NodeJS bases classes (Writable, Readable)

The application ultilizes stream:Writable, stream:Readable from “node:stream” library to implement custom read and write stream to S3 buckets using AWS v3 SDK.

You can learn more about implement custom stream in this brilliant guide Node.js: How to implement own streams?

stream.Writable

To implement a custom write stream, we extends Writable class from node:stream library.

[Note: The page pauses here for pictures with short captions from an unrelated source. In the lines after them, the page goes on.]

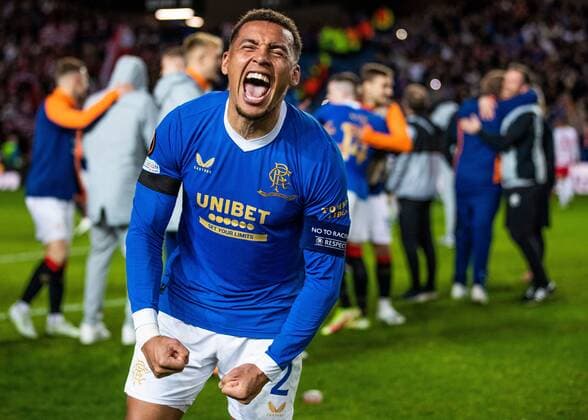 Mandatory Credit: Photo by Kirk O Rourke Rangers FC Shutterstock (12926021bg) Rangers captain James Tavernier celebrates at the end of the Europa League Semi Final match against RB Leipzig at Ibrox Stadium, Glasgow. Rangers v RB Leipzig, UEFA Europa League, Semi Final, Second Leg, Football, Ibrox Stadium, Glasgow, UK - 05 May 2022 EDITORIAL USE ONLY No use with unauthorised audio, video, data, fixture lists, club league logos or live services. Online in-match use limited to 120 images, no video emulation. No use in betting, games or single club league player publications. Rangers v RB Leipzig, UEFA Europa League, Semi Final, Second Leg, Football, Ibrox Stadium, Glasgow, UK - 05 May 2022 EDITORIAL USE ONLY No use with unauthorised audio, video, data, fixture lists, club league logos or live services. Online in-match use limited to 120 images, no video emulation. No use in betting, games or single club league player publications. Copyright: xKirkxO Rourke RangersxFC Shutterstockx 12926021bg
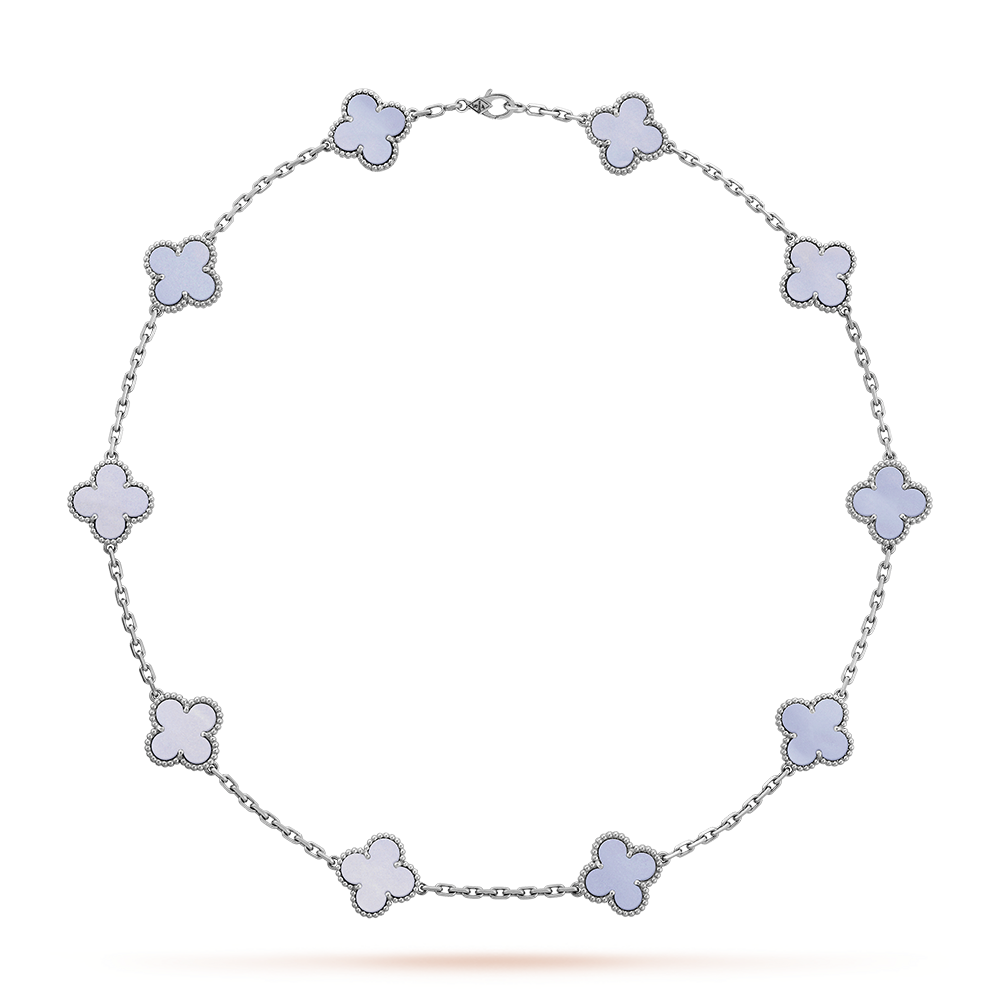 [Royal Fine ]CLOVER 10 MOTIFS BLUE CHALCEDONY NECKLACE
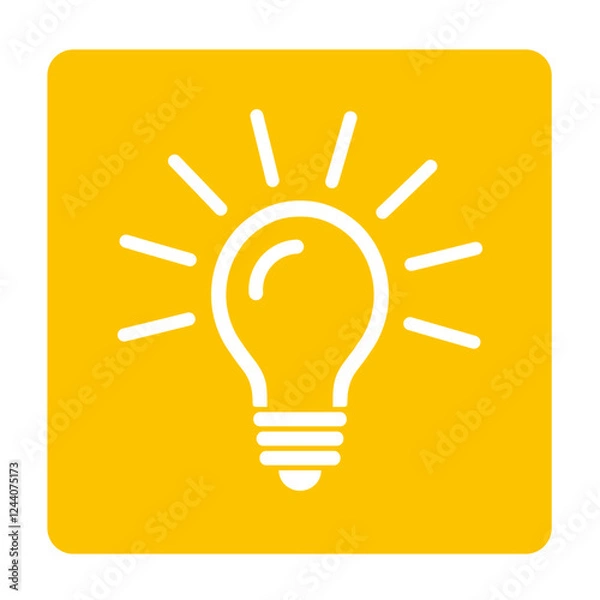 Obraz ikona białej żarówki na żółtym tle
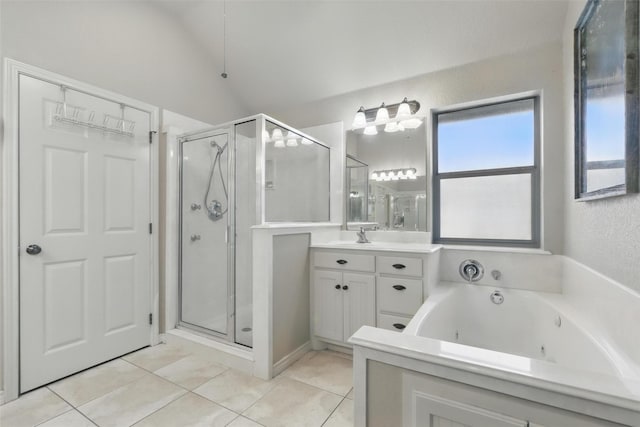 1220 Chaparral Ln, Granbury, TX 76048 - full bath with tile patterned floors, a stall shower, lofted ceiling, a jetted tub, and vanity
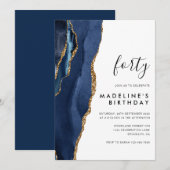 Minimalistische Navy Gold Agate Geode 40. Geburtst Einladung (Vorne/Hinten)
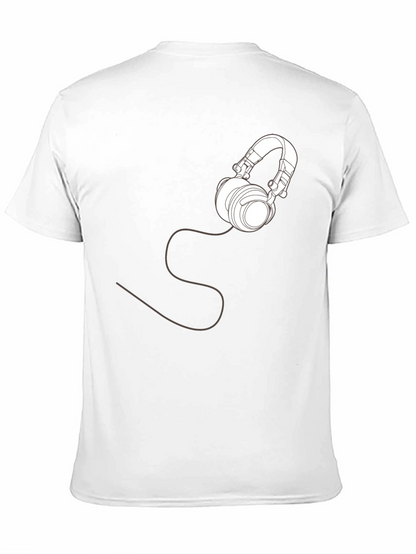 Headphone Graphic T-Shirt - Stylish Black Tee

The important method to override are:

  • construct(opt: {}): void: constructor for passing configuration argument for the stream
  • _construct():void: called right after the constructor to intialize the data, like opening local file or setting AWS sdk command
  • _write(chunk: any, encoding: BufferEncoding, callback: (error?: Error | null) => void): void: called any time user called writeStreamObj.write(<some-bytes...>) or the stream right before it in a NodeJS pipeline call push(chunk: any, encoding: Encoding): boolean into it.
  • _final(callback: (err: Error|undefined) => void): void: call after user called writeStreamObj.end(<some-bytes...>) or the stream right before it in a NodeJS pipeline emit the event ’end'.
  • _destroy(err: Error | undefined, callback: (err: Error|undefined) => void): called after the _final function, cleanup unused resources.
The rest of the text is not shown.